A Rough Test of Human Visual Perception's "Framerate"

A Beginner Arduino Project

This was a fun little project I did to learn the basics of using Arduino, and to explore a question I've had for a while - what is the "framerate" of your visual perception, if such a thing exists? It wasn't a very detailed project, and it wasn't a super well-constructed test (n=1, that being myself, and not blinded in any way), but it was a fun way to spend a couple hours.

arduino01.jpg The general idea of this project is that the LED begins blinking at 60hz, and there are three buttons on the board. The left button decreases the blink speed by 10hz, the right one increases the blink speed by 10hz, and the middle button is a modifier button that, when held down, will change the amount the previous two buttons change to 1hz (left + middle = -1hz, right + middle = +1hz). The code and the wiring was pretty simple; you can think of it as a simple extension of the sample "blink" code but with a few more buttons and variables. Long story short, it's a strobe light that you can precisely control the frequency for.

To use this, I took it into a dark room and removed all other sources of light. I did three trials, looking in different places (directly into the LED, at the LED from the side, and at the light "spill" on the table). I then adjusted the frequency of the blinks until I could no longer percieve the light flickering, and recorded the result. Unfortunately the LED wouldn't flicker faster than 280hz (it would just turn off) so I couldn't get any data beyond that.

  Into Light From Side At Spill
Result 280hz+ 68hz 47hz

I thought it was interesting that the results varied so much depending on what I looked at (it seems weird at first that I would be able to percieve a light source flickering but not be able to percieve the light spill from a light source flickering at the same frequency).
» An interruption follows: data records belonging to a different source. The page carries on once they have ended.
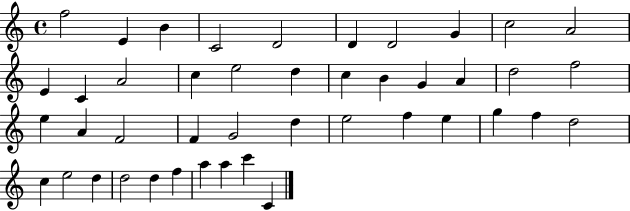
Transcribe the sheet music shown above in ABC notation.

X:1
T:Untitled
M:4/4
L:1/4
K:C
f2 E B C2 D2 D D2 G c2 A2 E C A2 c e2 d c B G A d2 f2 e A F2 F G2 d e2 f e g f d2 c e2 d d2 d f a a c' C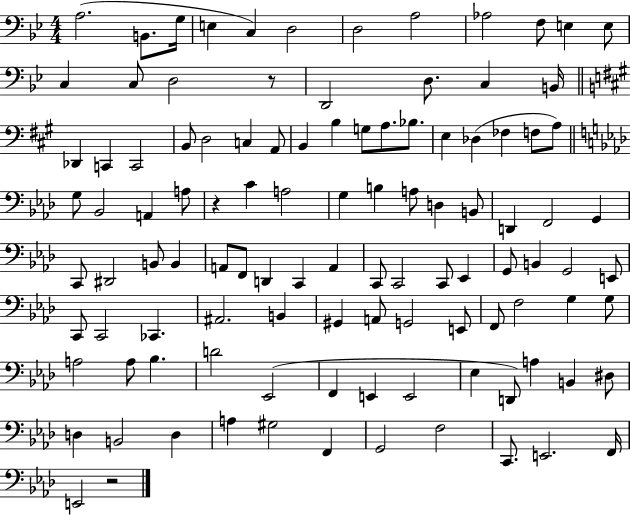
X:1
T:Untitled
M:4/4
L:1/4
K:Bb
A,2 B,,/2 G,/4 E, C, D,2 D,2 A,2 _A,2 F,/2 E, E,/2 C, C,/2 D,2 z/2 D,,2 D,/2 C, B,,/4 _D,, C,, C,,2 B,,/2 D,2 C, A,,/2 B,, B, G,/2 A,/2 _B,/2 E, _D, _F, F,/2 A,/2 G,/2 _B,,2 A,, A,/2 z C A,2 G, B, A,/2 D, B,,/2 D,, F,,2 G,, C,,/2 ^D,,2 B,,/2 B,, A,,/2 F,,/2 D,, C,, A,, C,,/2 C,,2 C,,/2 _E,, G,,/2 B,, G,,2 E,,/2 C,,/2 C,,2 _C,, ^A,,2 B,, ^G,, A,,/2 G,,2 E,,/2 F,,/2 F,2 G, G,/2 A,2 A,/2 _B, D2 _E,,2 F,, E,, E,,2 _E, D,,/2 A, B,, ^D,/2 D, B,,2 D, A, ^G,2 F,, G,,2 F,2 C,,/2 E,,2 F,,/4 E,,2 z2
So I did some googling and came upon this excellent stackexchange post that could shed some light (no pun intended) on why this could be the case. Other papers about this field of research set the framerate at 60hz, a number which is "hoped to be high enough," and mention that some speculation exists for human visual perception exceeding 300hz. You also don't really percieve things around you in perfect chronological order - your mind does some preprocessing on your sensory inputs before you recieve them in order to percieve things as happening at the same time (here's an obvious example; touch your nose and hit your foot against something. Despite a much longer path for the information to travel through your nervous system, you'll percieve them as happening at the same time).

In short - visual perception is really complicated! And while it's fun to pose questions like "What is the framerate of visual perception?" we arrive at the answer we so often arrive at in Cognitive Science:

That's not a very good question because the human mind is more complicated than that.